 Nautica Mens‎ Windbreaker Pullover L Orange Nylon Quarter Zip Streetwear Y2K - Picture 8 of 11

· · · · · · ·

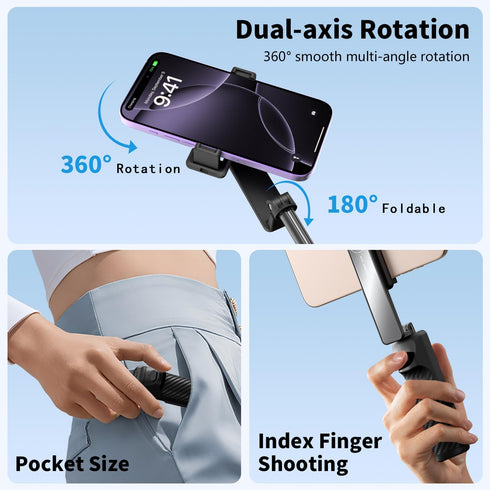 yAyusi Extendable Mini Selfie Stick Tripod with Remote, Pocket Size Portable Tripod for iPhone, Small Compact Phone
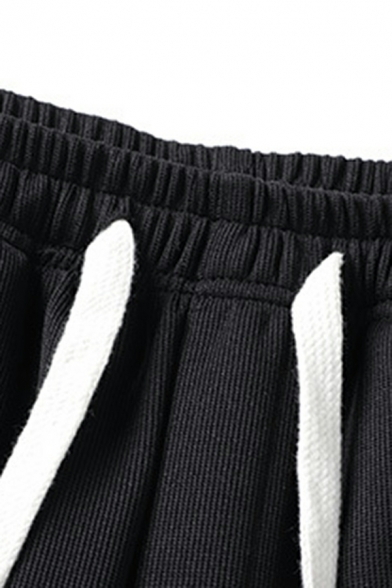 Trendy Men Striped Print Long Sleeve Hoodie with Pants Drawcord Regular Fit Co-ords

· · · · · · ·

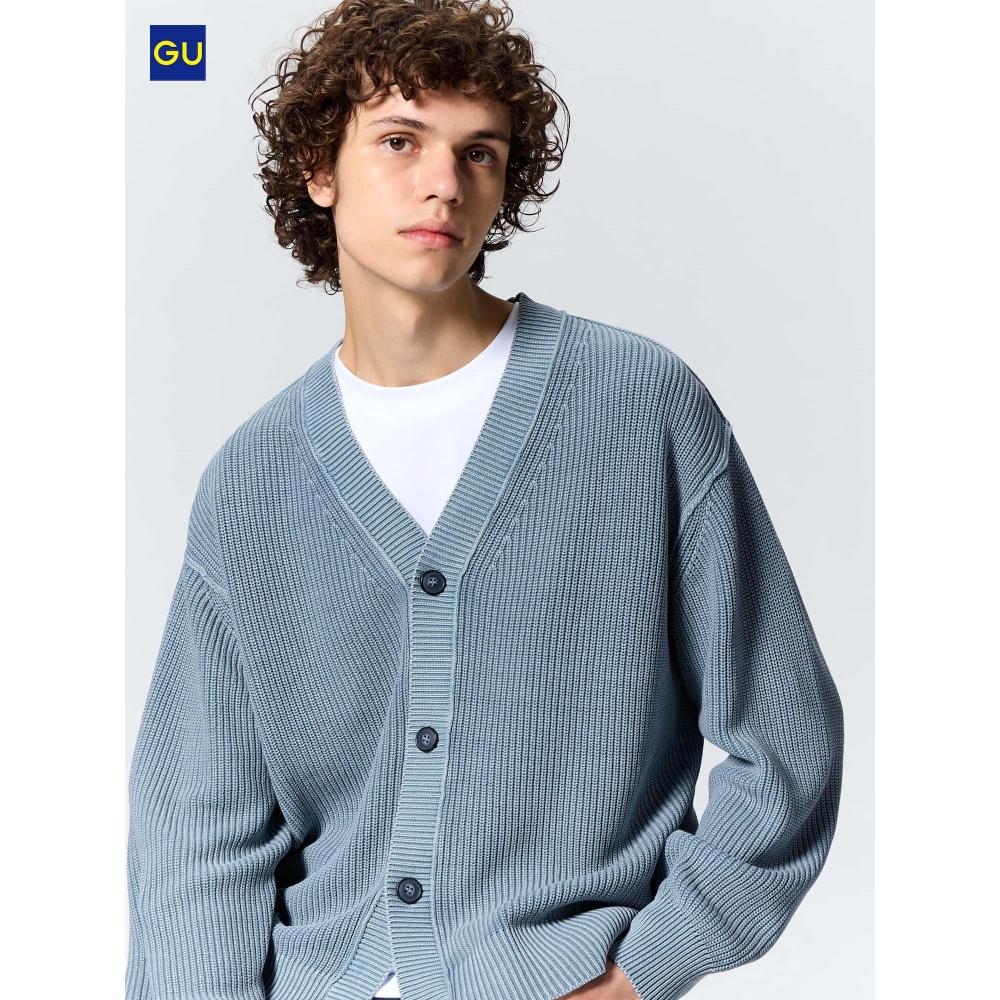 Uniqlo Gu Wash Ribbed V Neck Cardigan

· · · · · · ·

» YOUR TASK:
Give back exactly the lines of the listing above from the one that contains "yAyusi Extendable Mini" up to and including the one that contains "Trendy Men Striped", but not the pictures, and no other lines.

» RESPONSE AREA:
 yAyusi Extendable Mini Selfie Stick Tripod with Remote, Pocket Size Portable Tripod for iPhone, Small Compact Phone
 Trendy Men Striped Print Long Sleeve Hoodie with Pants Drawcord Regular Fit Co-ords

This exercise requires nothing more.